It’s all good and well, some people say, to make theoretical
claims about the sample sizes that we need. But there are practical hurdles
that make it impossible in many cases. So, can we ignore the armchair
theoreticians’ hysteria about power and use practical feasibility to guide our
sample sizes?
Well, in theory we can. But in order to allow science to
progress, we, as a field, need to make some concessions:
-
Every study should be published, i.e., there
should be no publication bias.
-
Every study should provide full data in a freely
accessible online repository.
-
Every couple of years, someone needs to do a
meta-analysis to synthesise the results from the existing small studies.
-
Replications (including direct replications) are
not frowned upon.
-
We cannot, ever, draw conclusions from a single
study.
At this stage, none of these premises are satisfied.

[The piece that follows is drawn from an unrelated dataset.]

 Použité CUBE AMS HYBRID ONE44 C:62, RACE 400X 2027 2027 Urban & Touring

Therefore, if we continue to conduct small studies in the current system, those
that show non-significant results will likely disappear in a file drawer. Ironically,
the increased awareness of power amongst reviewers is increasing publication
bias at the same time: reviewers who recommend rejection based on small sample
sizes have good intentions, but this leads to an even larger amount of data that
never see the light of day. In addition, studies that have marginally
significant effects will be p-hacked
beyond recognition. For meta-analyses, the published literature will then give
us a completely skewed view of the world. And in the end, we’ve wasted a lot of
resources and learned nothing.
So, increasing sample
size it is?
Unless we, as a field, tackle the issues described in the previous section, we will need
to increase our sample sizes. There is no way around it. This solution will
work, under a single premise:
-
Research is not for everyone: Publishable studies
will be conducted by a handful of labs in elite universities, who have the
funding to recruit hundreds of participants within weeks or months. These will
be the labs that will produce high-quality research at a fast pace, which will
result in them winning more grants and producing even more high-quality
research. And those who don’t have the resources to conduct large studies from
the beginning? Well, fuck ‘em.
This is a valid view point, as a world where this is the norm
would not have any of the problems associated with the small-study-world
described above. And yet, I would say that such a world would be very bad.

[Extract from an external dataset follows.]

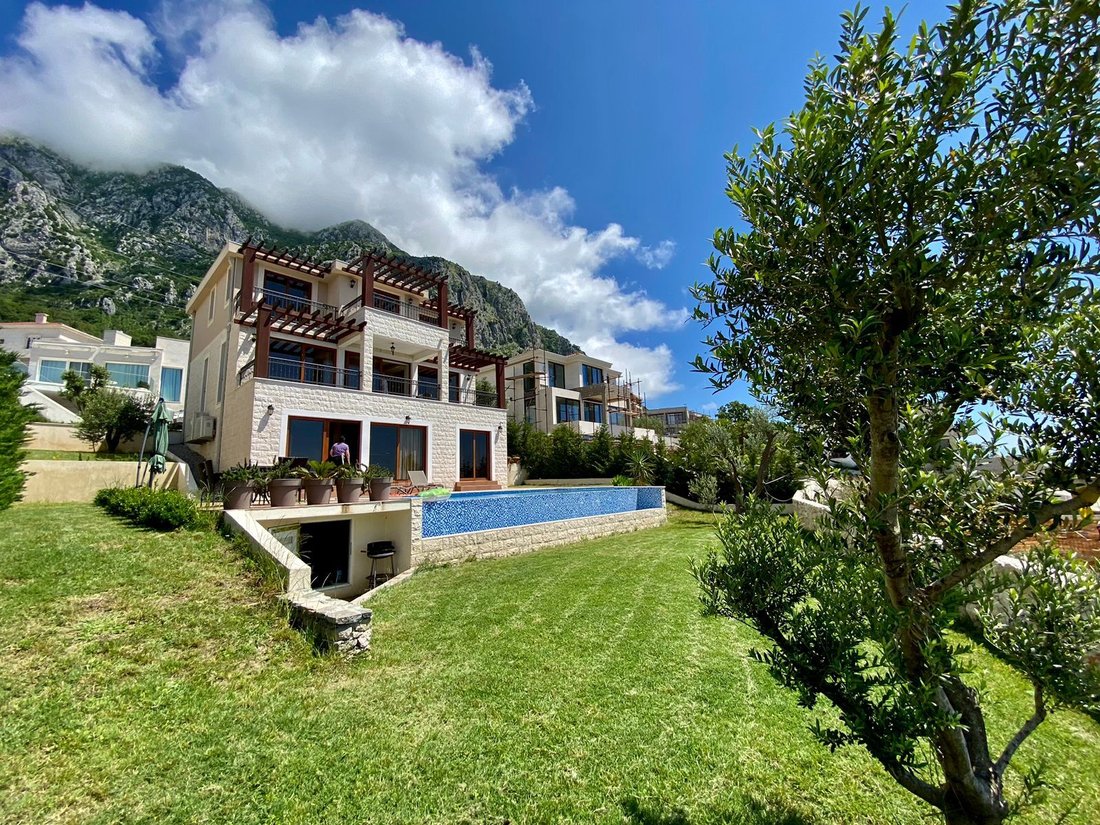 Villa in Blizikuće, Budva Municipality, Montenegro 1 - 15800654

First, for individuals such as me (of course, I have some
personal-interest-motivations in writing this blog post), who spend months and
months, lugging around the testing laptop through trains and different
departments in search of participants, while other researchers snap their
fingers and get their research assistant to run the same study in a matter of weeks.
Second, it disadvantages populations of researchers who may have systematically
different views. As mentioned above, populations with fewer resources probably
include younger researchers, and those from not-first-world countries. Reducing
the opportunity for these researchers to contribute to their field of expertise
will create a monotonous field, where scientific theories are based,
to a large extent, on the musings of old white men. By this process, the field
would lose an overwhelming amount of potential by locking out a majority of
scholars.
In short, I argue that publishing only well-powered studies
without consideration of practical issues that some researchers face will be
bad for individual researchers, as well as the whole field. So, how can we
increase power without creating a Matthew Effect, where the rich get richer and
the poor get poorer?
-
Collaborate more, as I’ve argued here.
-
Routinely use StudySwap to look for collaborators
who help you to get the sample size you need, but also to collect data for
other researchers if you happen to have some bored research assistants or lots
of keen undergrads.
-
For the latter part of the last point, “rich”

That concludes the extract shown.